**Work required**
Make a verbatim copy of all the records. Skip every image.

BEGIN Supplied records

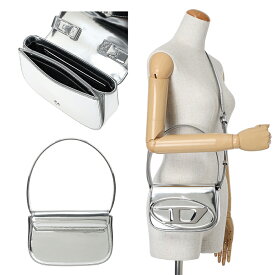 ディーゼル DIESEL ショルダーバッグ 1DR X08396 PS202 レディース ブランド カウレザー オーバルD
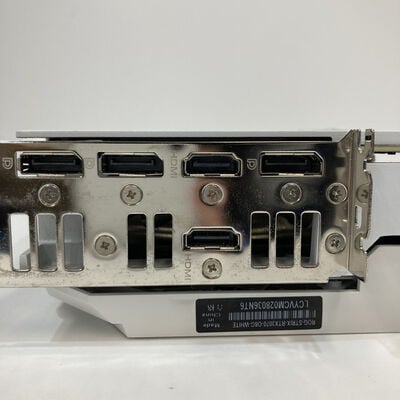 【神戸・三宮店】中古  ASUS ROG-STRIX-RTX3070-O8G-WHITE (RTX3070 8G) 3430006200 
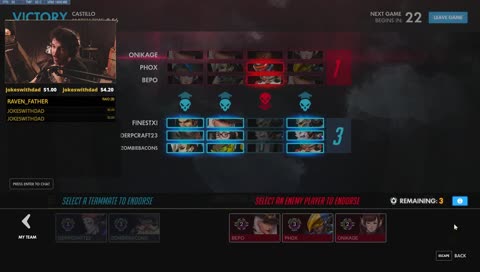 HD Audio - Positive/Competitive - !Heist - SuperStarStreamers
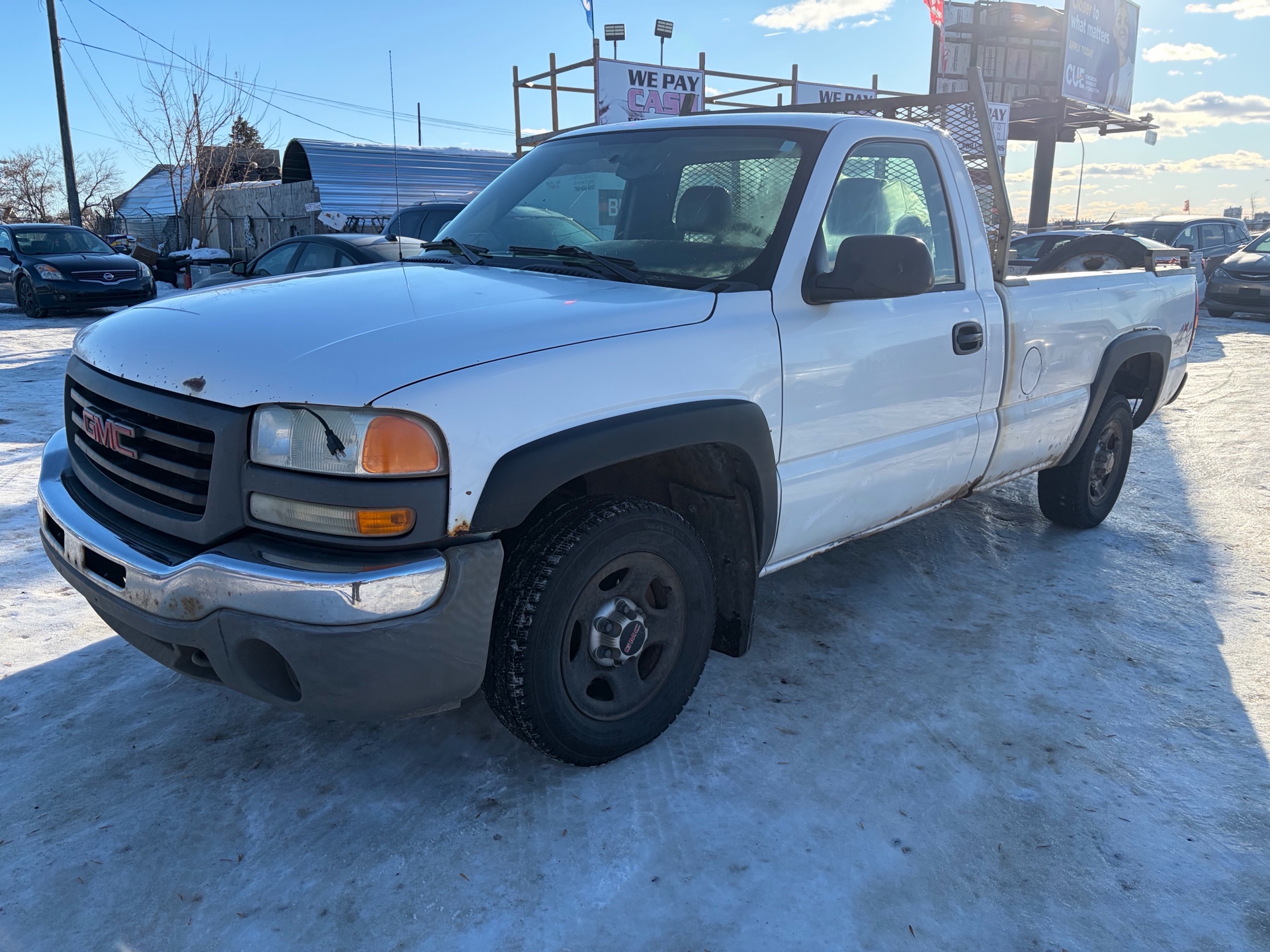 2004 GMC Sierra 1500 Reg Cab 119.0" WB 4WD SL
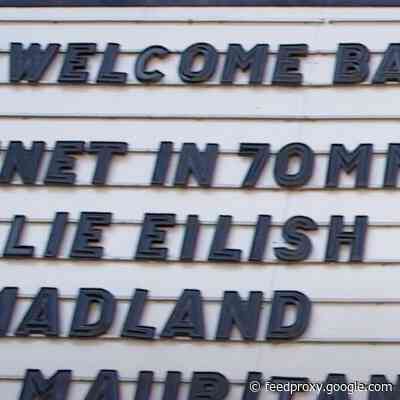 Some Are Vaccinated, And Very Ready To See A Movie In The Theatre Again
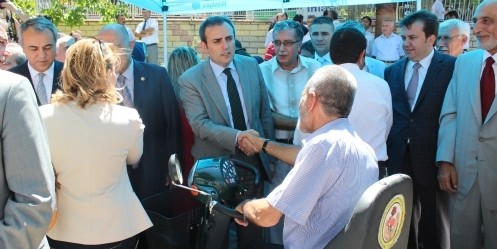 Kahramanmaraş`ta Bayram Kutlamalarında Bir İlk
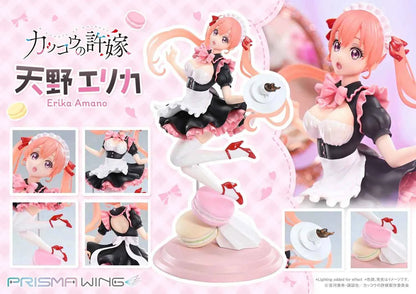 A Couple of Cuckoos Prime 1 Studio Erika Amano 1/7 Prisma Wing PWCC-01 PWCC-01S Licensed PVC Figure
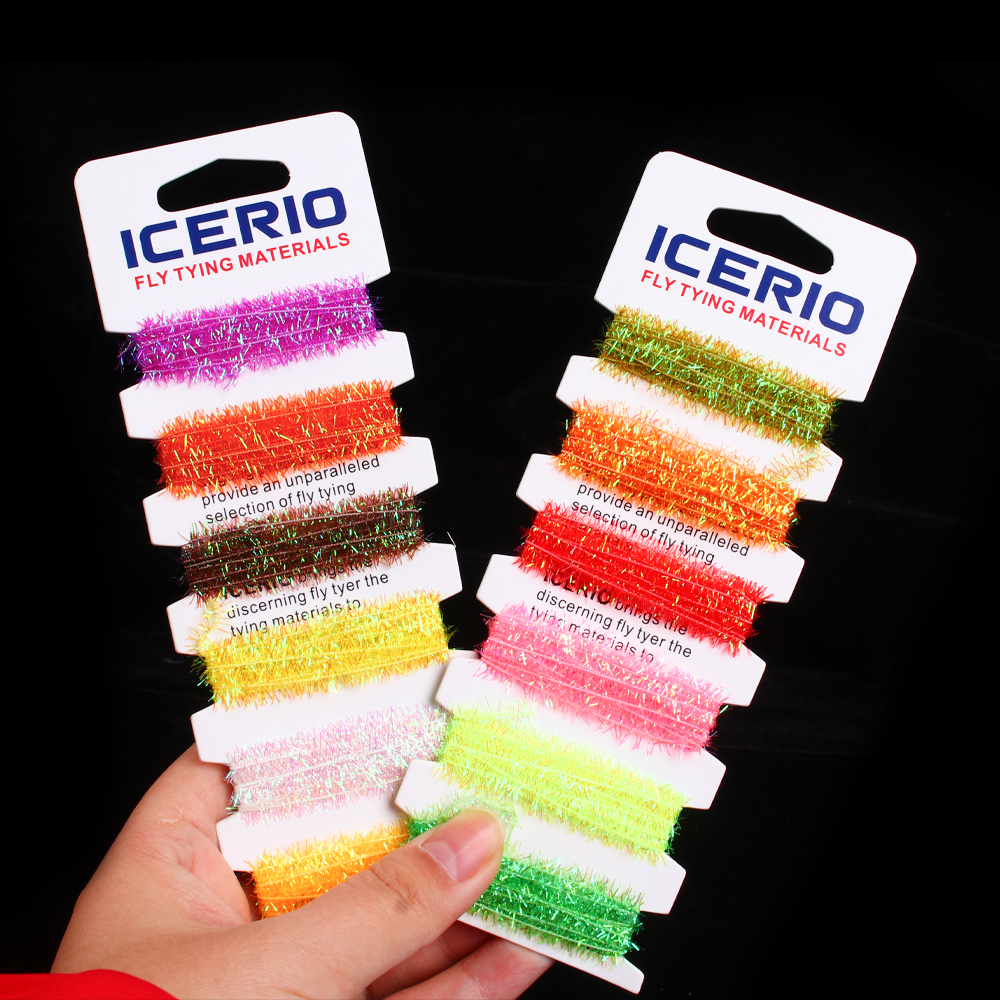 Ice Fishing Line - 1/2Card Fly Tying Material Cactus Chenille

END Supplied records

**Response box**
 ディーゼル DIESEL ショルダーバッグ 1DR X08396 PS202 レディース ブランド カウレザー オーバルD
 【神戸・三宮店】中古  ASUS ROG-STRIX-RTX3070-O8G-WHITE (RTX3070 8G) 3430006200 
 HD Audio - Positive/Competitive - !Heist - SuperStarStreamers
 2004 GMC Sierra 1500 Reg Cab 119.0" WB 4WD SL
 Some Are Vaccinated, And Very Ready To See A Movie In The Theatre Again
 Kahramanmaraş`ta Bayram Kutlamalarında Bir İlk
 A Couple of Cuckoos Prime 1 Studio Erika Amano 1/7 Prisma Wing PWCC-01 PWCC-01S Licensed PVC Figure
 Ice Fishing Line - 1/2Card Fly Tying Material Cactus Chenille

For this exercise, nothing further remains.